Delay differential equations (DDEs) with large delays play a pivotal role in understanding stability and bifurcations in systems ranging from neural networks to laser dynamics. While prior work has extensively studied DDEs with discrete delays, the impact of distributed delays has been less explored. This paper investigates the spectrum of linear DDEs with a uniformly distributed delay kernel, with mean delay $\tau_m$ and a half-width of $\rho$. When $\tau_m\to\infty$, we carry out asymptotic analysis and show that the spectrum splits into (i) a strong critical spectrum referring to a finite set of isolated, pure imaginary eigenvalues that are unaffected by delay, (ii) an asymptotic strong spectrum consisting of a finite set of eigenvalues with limits that are determined by non-delayed terms in the model and (iii) a pseudo-continuous spectrum consisting of infinitely many eigenvalues that limit on the imaginary axis, with real parts that scale linearly with the delay.
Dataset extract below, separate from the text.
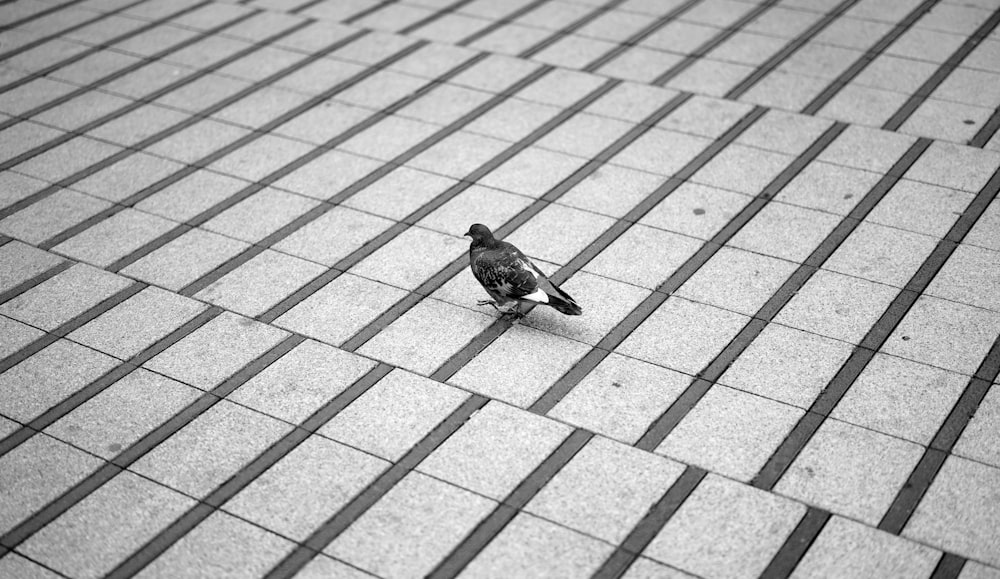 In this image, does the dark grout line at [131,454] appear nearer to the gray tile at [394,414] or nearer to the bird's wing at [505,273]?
the gray tile at [394,414]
Although this behavior is similar to the fixed delay case, the distributed delay introduces additional spectral features, including an infinite countable number of horizontal asymptotes in the pseudo-continuous spectrum at frequencies $\omega= k\pi/\rho$, where $k\in \mathbb{Z}\setminus\{0\}$. We validate our theoretical result through several examples and compare our findings with fixed-delay results from the literature. Finally, we apply the results to study the stability and bifurcations of a Wilson-Cowan model with a delayed self-coupling, large mean delay, and homeostatic plasticity.